Questa breve sosta mi basta per ritrovare energia e avviarmi con brio verso il secondo traguardo della giornata.

Non ho più bisogno di fermarmi ora, sento la fatica ma è sopportabile, posso avanzare fino alla cima del Molard.


La raggiungo tranquillamente, e come sul Folly, c’è silenzio, c’è luce, c’è un’aria fresca, azzurra e assolata, c’è un invito a lanciare lo sguardo lontano.

Sulla cima del Molard, 1752 m.
Ancora il lago da una parte, la corona di montagne dall’altra: è da quest’ultima che mi sento più attratta, forse perché è più ignota, più selvaggia, meno addomesticata, meno adulterata. Più vicino all’idea di incontaminato, di essenza originale, di verità senza fronzoli.

Sulla cima del Molard, 1752 m.

Tolgo le ciaspole, poso lo zaino a terra, percorro la cima piatta e innevata cercando altre prospettive.

Poi mi siedo a terra a mangiare lentamente un panino, mentre ancora guardo le montagne.


Luce, quiete, silenzio, pienezza
Adesso sono arrivata.

È questa la sensazione, che un poco mi sorprende perché non ricordo di averla provata.
Sono arrivata, è qui dove voglio essere, dove voglio stare ora. Non desidero altro.

Osservo le montagne contro l’azzurro intenso del cielo, mastico il mio panino, sono parte di questo luogo, un elemento alla pari di neve, arbusti, nuvole, rocce.

Una mezz’ora? Di più? Di meno? Non so quanto tempo è passato quando Rob ci chiama per ripartire. Rimarrei ancora. Sto bene. Nello stesso tempo, però, mi va anche bene lasciare questo posto di quiete e bellezza e ritornare.

Quando mai mi è capitato che due opzioni opposte mi vadano altrettanto bene?
Non so che cosa significhi.
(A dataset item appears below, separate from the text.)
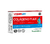Colágeno Flex Vitamin Way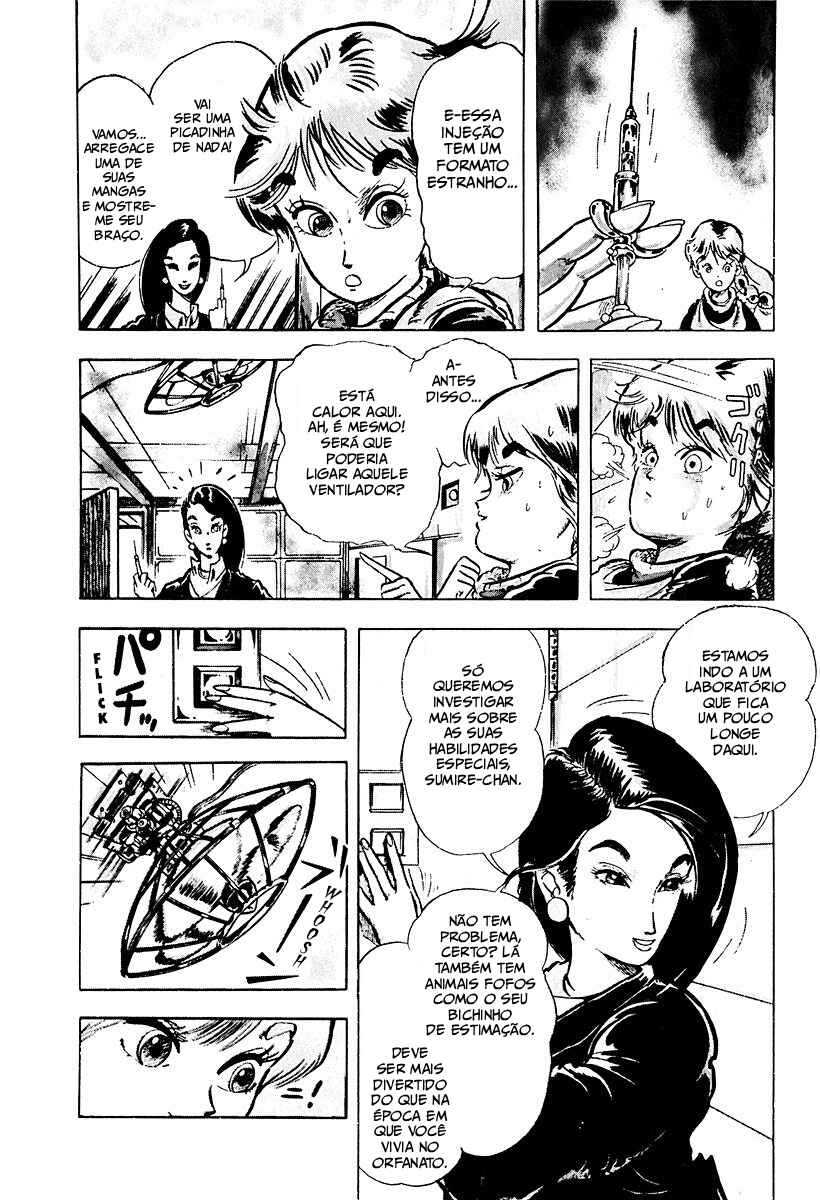 Chapter 1 - Page 14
Semplice contingenza? Indifferenza? Forse superamento di contrasti atavici, innati o acquisiti che siano?


Il versante che ora percorriamo è ampio e scende dolcemente. È un piacere lasciarsi calare disegnando curve a piacimento, lanciandosi per qualche passo in linea retta, andando a cercare la neve fresca per sentirne la crosta e poi la morbidezza mentre si sbriciola sotto il mio peso. Perfetta per scivolare in equilibrio.


La discesa è rapida, presto è ora di togliere le ciaspole.


Sì, sono arrivata ma continuo ad andare.

La funicolare è il nuovo traguardo?

La raggiungiamo, e non lo è, è solo un punto di passaggio. Proseguo. E ancora vado.


E continuo ad andare perché sono arrivata.